Países como Cingapura, Malásia, Emirados Árabes e muitos outros, fizeram o caminho oposto. Apostaram em outras políticas de Estado para o crescimento da nação. Nestes casos, preferiram apostar em infraestrutura, ou seja, na construção de estradas e pontes de primeira linha, sistema ferroviário, sistema de transporte público, metrô, bases de energia elétrica e de água confiáveis, aeroportos e portos ultramodernos; e depois apostaram na desburocratização, diminuição das taxas de importação e de impostos.

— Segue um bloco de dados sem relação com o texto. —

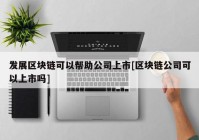 发展区块链可以帮助公司上市[区块链公司可以上市吗]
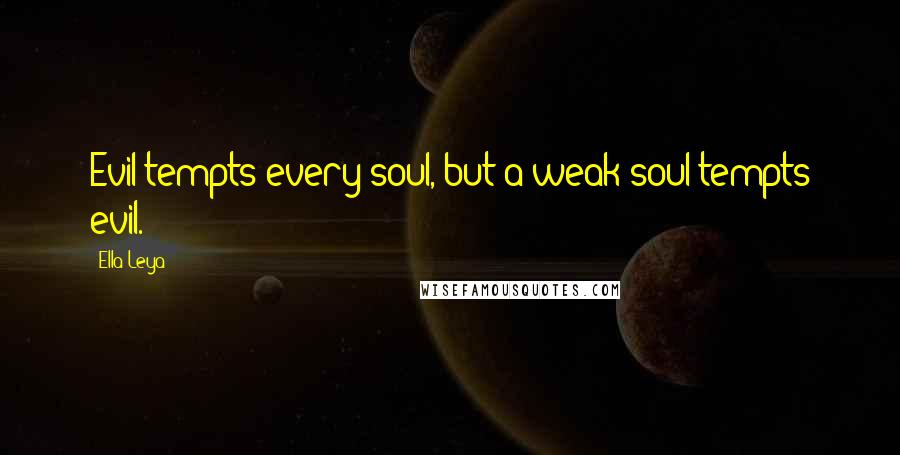 Ella Leya Quotes: Evil tempts every soul, but a weak soul tempts evil.
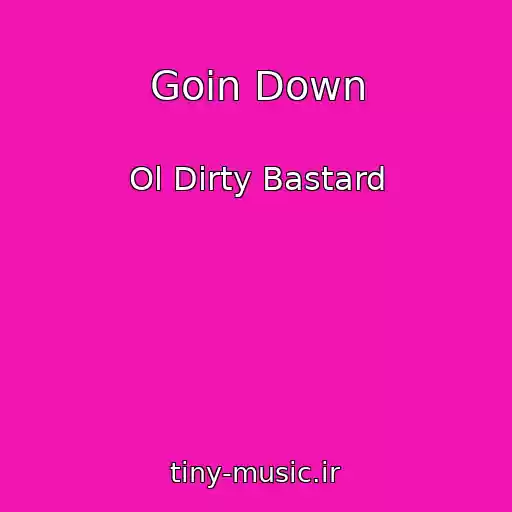 کاور آهنگ Goin Down از Ol Dirty Bastard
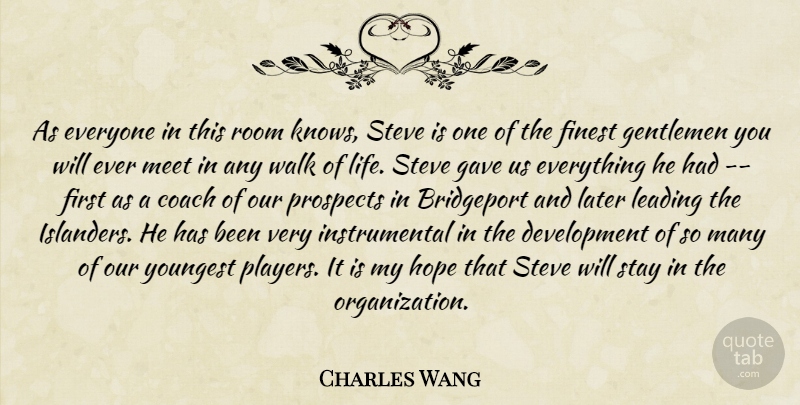 Charles Wang Quote About Coach, Finest, Gave, Gentlemen, Hope: As Everyone In This Room...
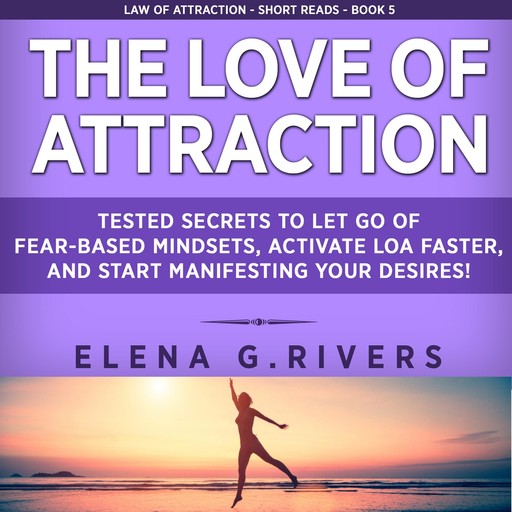 The Love of Attraction, Elena G.Rivers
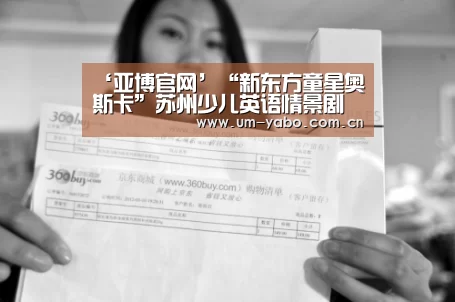 ‘亚博官网’“新东方童星奥斯卡”苏州少儿英语情景剧大赛圆满落幕(图1) 亚博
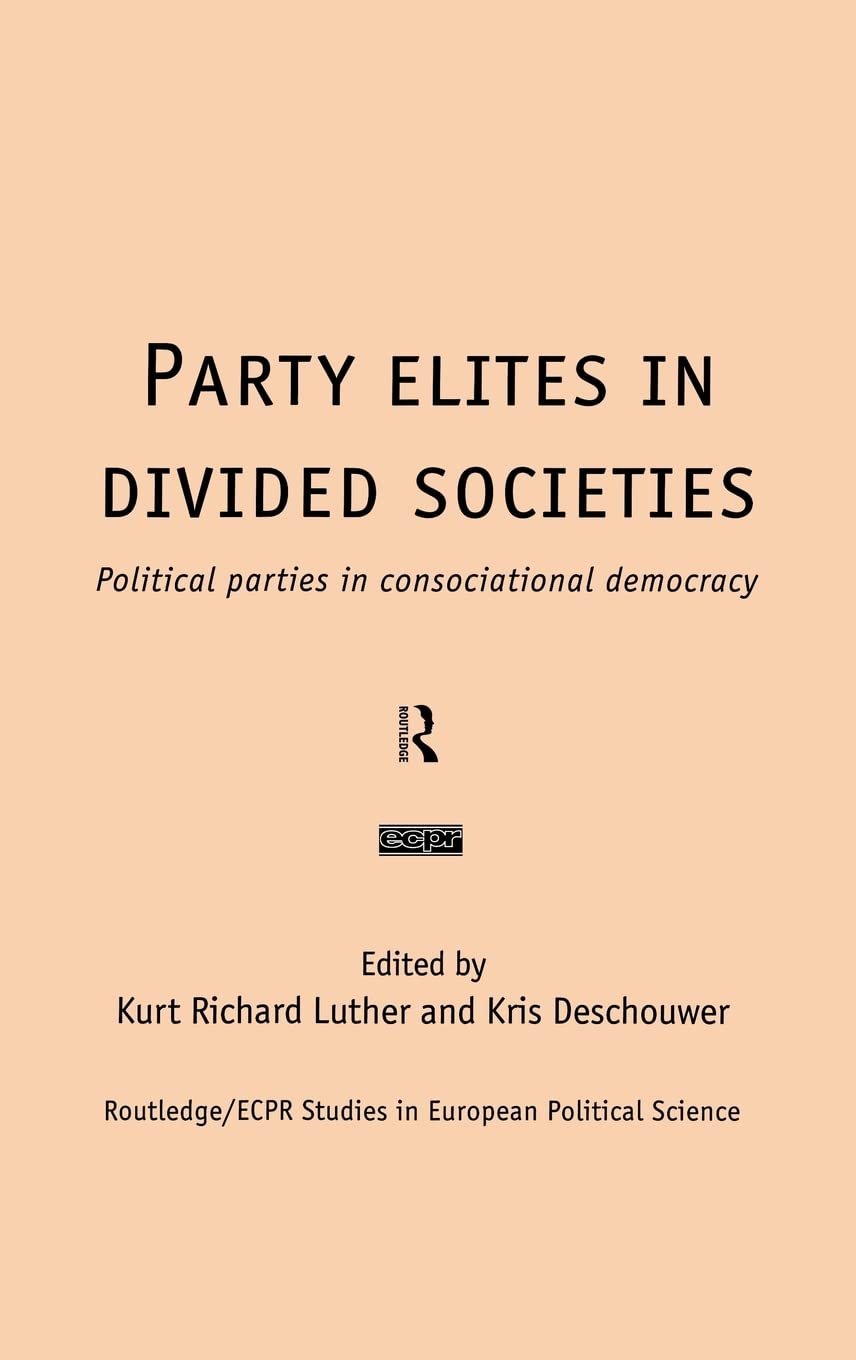 Party Elites in Divided Societies: Political Parties in Consociational Democracy (Routledge/ECPR Studies in European Political Science)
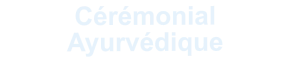 Cérémonial Ayurvédique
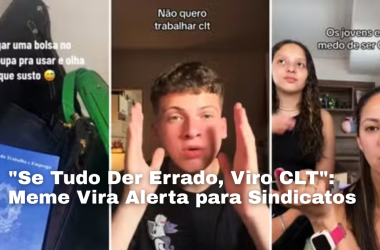 "Se Tudo Der Errado, Viro CLT": Meme Vira Alerta para Sindicatos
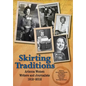 Skirting Traditions: Arizona Women Writers and Journalists 1912-2012 - Hardcover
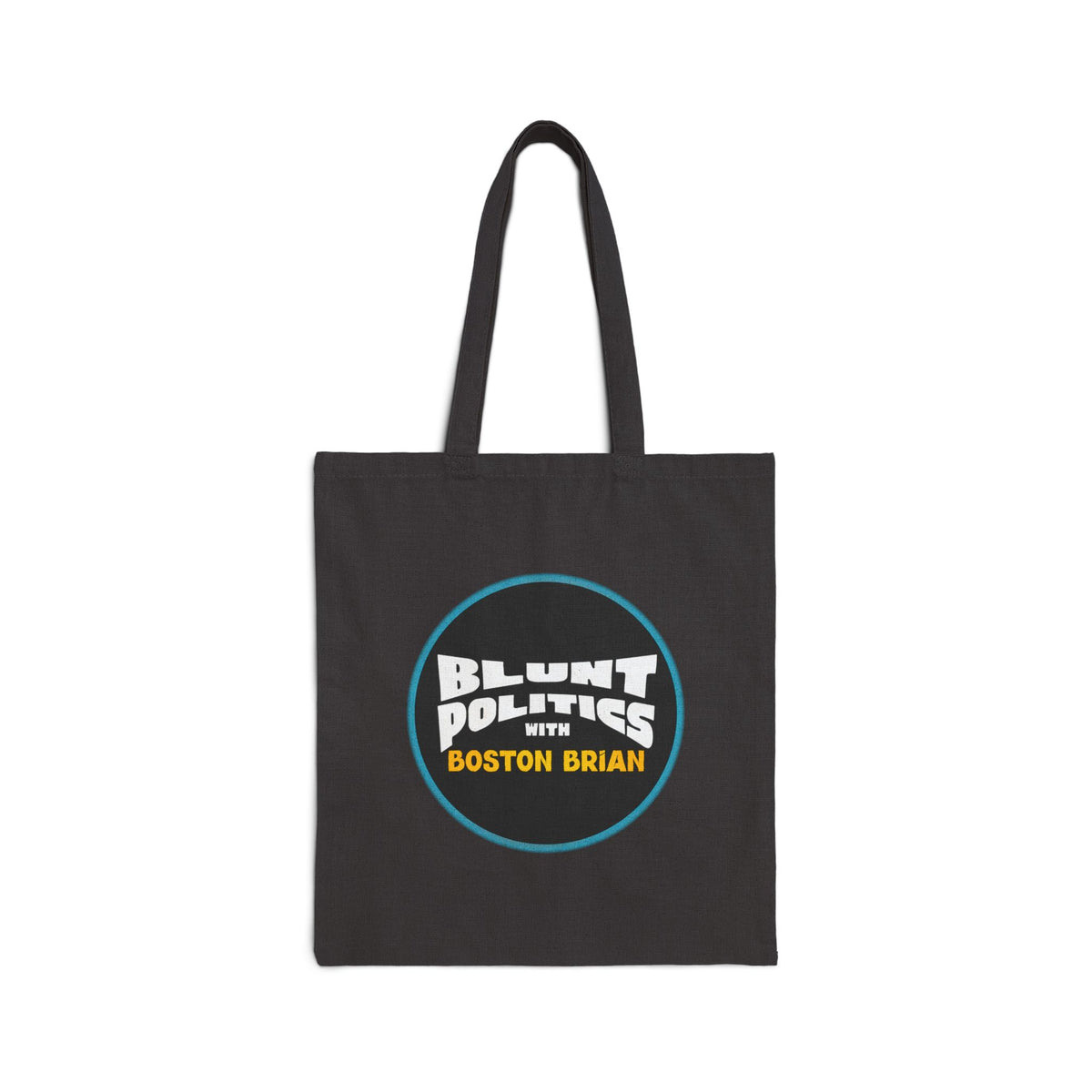 Blunt Politics Tote Bag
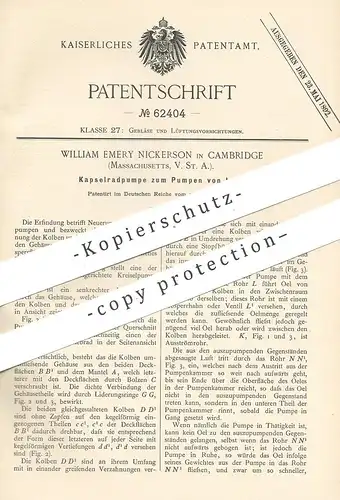 original Patent - William Emery Nickerson , Cambridge , Massachusetts , USA , 1891 , Kapselradpumpe zum Pumpen von Luft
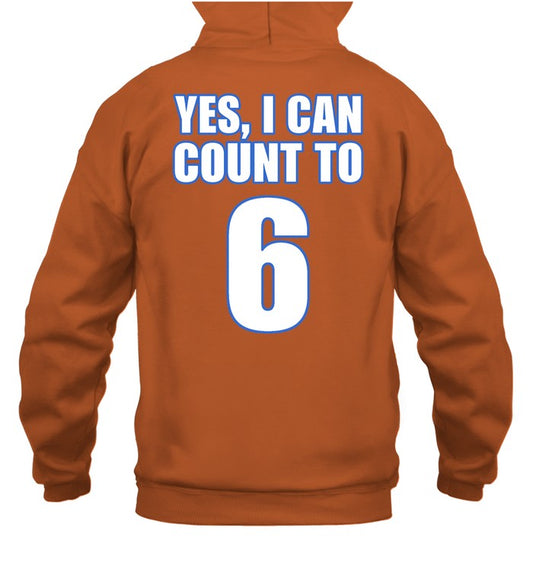 Yes I Can Count To 6 Hoodie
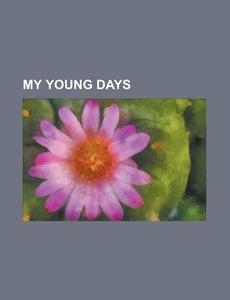 My Young Days edito da General Books Llc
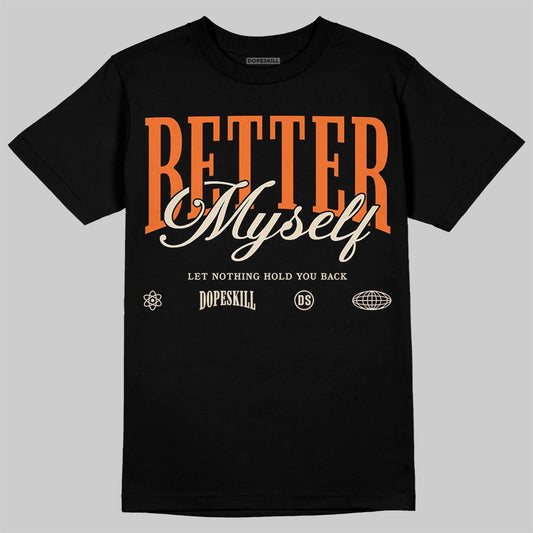 Jordan 3 “Starfish” DopeSkill T-Shirt Better Myself Graphic Streetwear - Black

Com essas políticas houveram uma injeção descomunal de investimentos estrangeiros e com o os impostos recolidos, aí sim houve um investimento em educação. Com esse política de trás para frente os países poderam finalmente crescer. Este processo poderia ser repetido no Brasil.
As empresas não investem no Brasil por diversas razões: ninguém vai investir em um país que a luz pode acabar a qualquer momento, que a água é contaminada, que os aeroportos não dão conta do número de aviões, que as estradas são esburacadas, que o sistema ferroviário é capenga, que os portos não suportam o número de cargas, que demora dias para um conteiner ser liberado, que tudo precisa ser comprovado por um cartório, etc… Isto causa um custo enorme de logistíca para as empesas, que ganham dinheiro com prazos e por isso preferem investir em países mais acessíveis. Não por acaso não temos produtos e serviços existentes em qualquer país do mundo, de carros à sites da internet. Sem infraestrutura não existe desenvolvimento e nem educação.